[[ DATA RECORDS open ]]

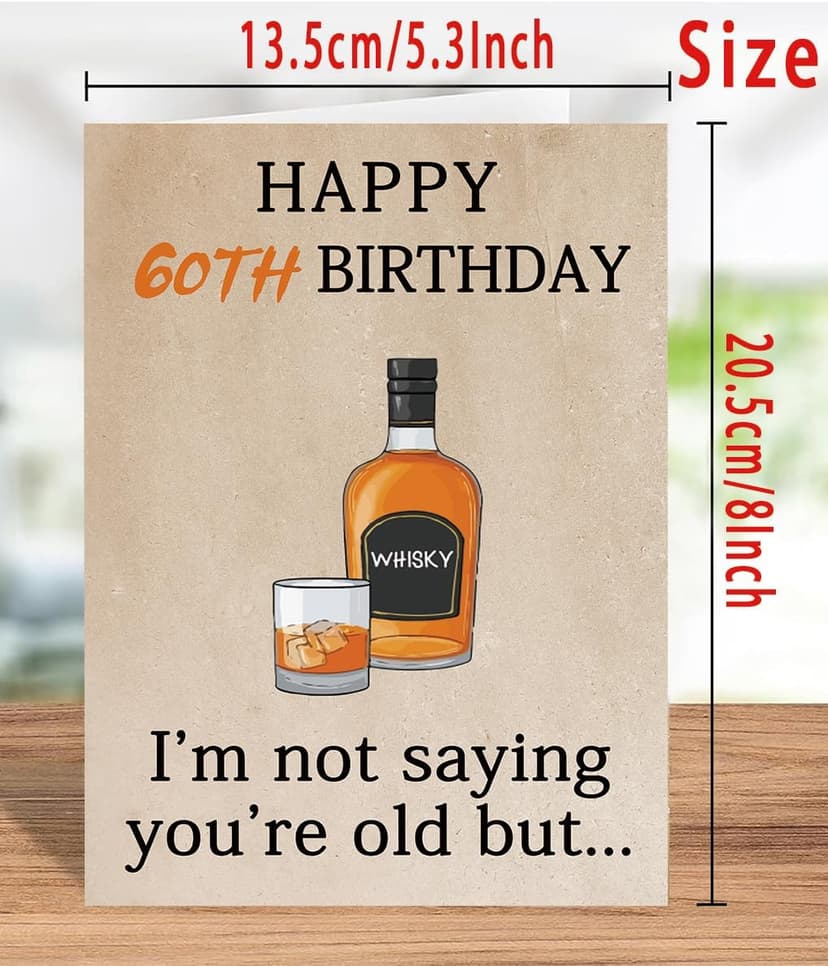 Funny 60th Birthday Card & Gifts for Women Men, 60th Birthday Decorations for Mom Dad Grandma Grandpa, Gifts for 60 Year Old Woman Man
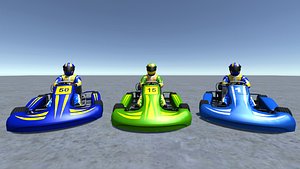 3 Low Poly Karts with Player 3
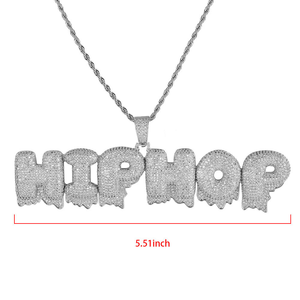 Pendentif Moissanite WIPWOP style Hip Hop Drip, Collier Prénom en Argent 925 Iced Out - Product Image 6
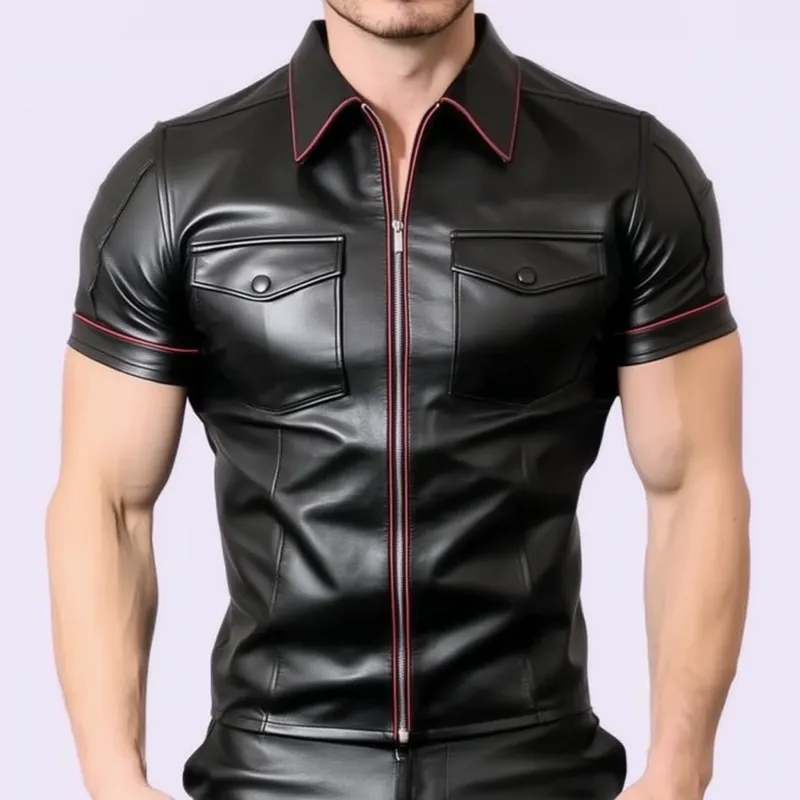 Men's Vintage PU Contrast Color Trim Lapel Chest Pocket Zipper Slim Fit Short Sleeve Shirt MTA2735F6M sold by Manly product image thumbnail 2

[[ DATA RECORDS closed ]]
[[ DATA RECORDS open ]]

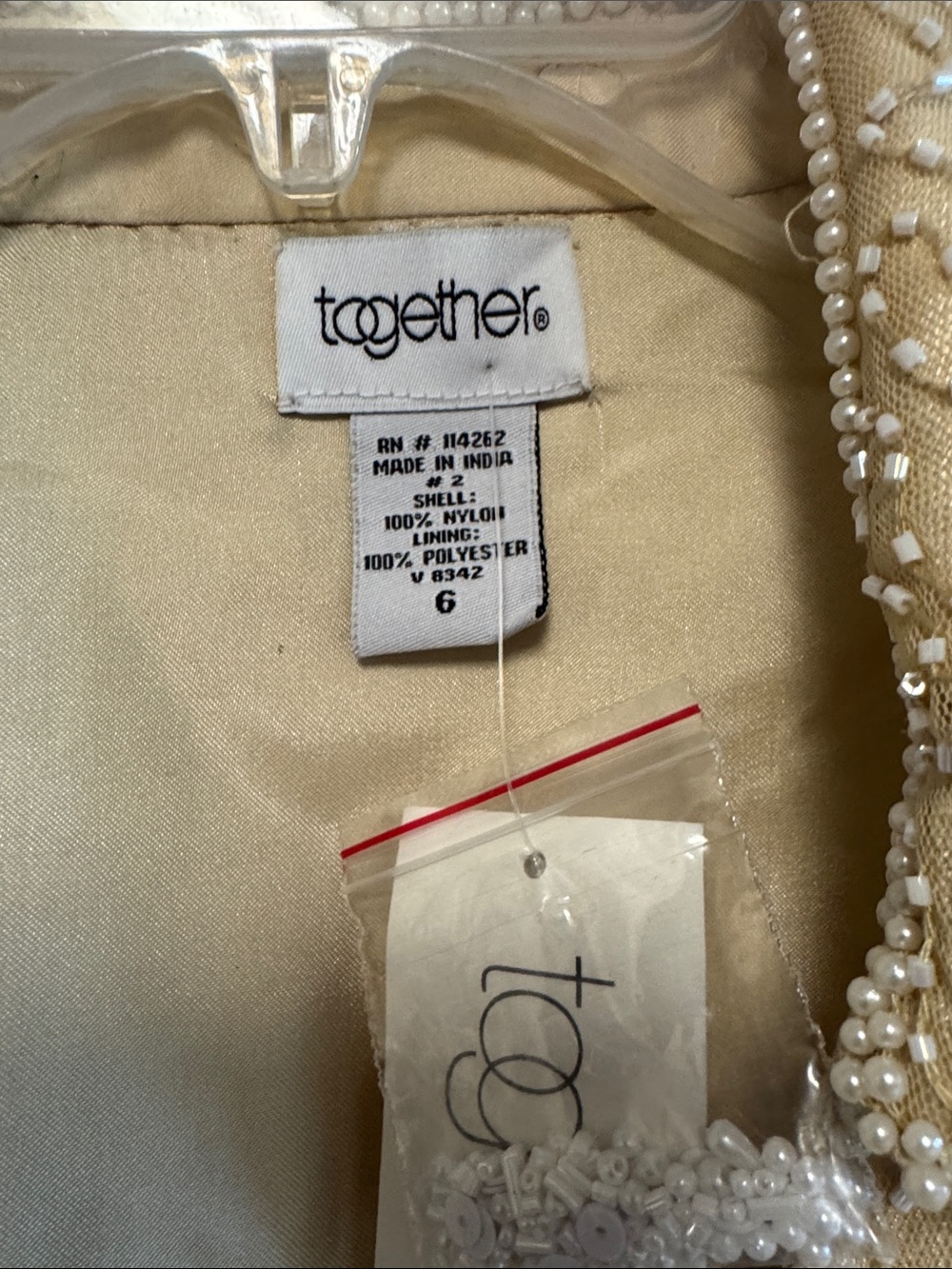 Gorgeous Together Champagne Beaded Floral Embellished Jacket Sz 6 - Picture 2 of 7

[[ DATA RECORDS closed ]]
[[ DATA RECORDS open ]]

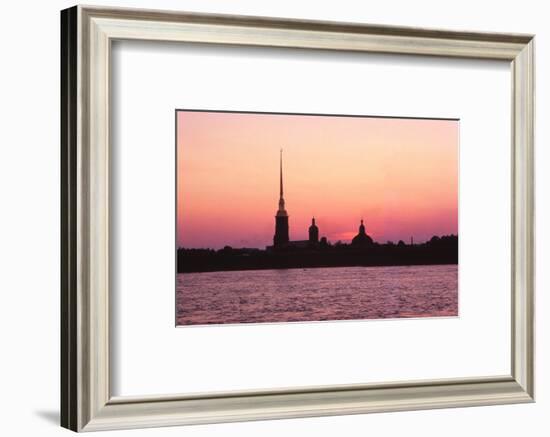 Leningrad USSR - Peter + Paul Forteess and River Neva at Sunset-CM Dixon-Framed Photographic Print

[[ DATA RECORDS closed ]]

PROMPT :: Nothing except the lines from the one containing "3 Low Poly Karts with Player 3" through the one containing "Men's Vintage PU" should appear in the answer, exactly as above and without pictures.

TASK RESULT ::
 3 Low Poly Karts with Player 3
 Pendentif Moissanite WIPWOP style Hip Hop Drip, Collier Prénom en Argent 925 Iced Out - Product Image 6
 Men's Vintage PU Contrast Color Trim Lapel Chest Pocket Zipper Slim Fit Short Sleeve Shirt MTA2735F6M sold by Manly product image thumbnail 2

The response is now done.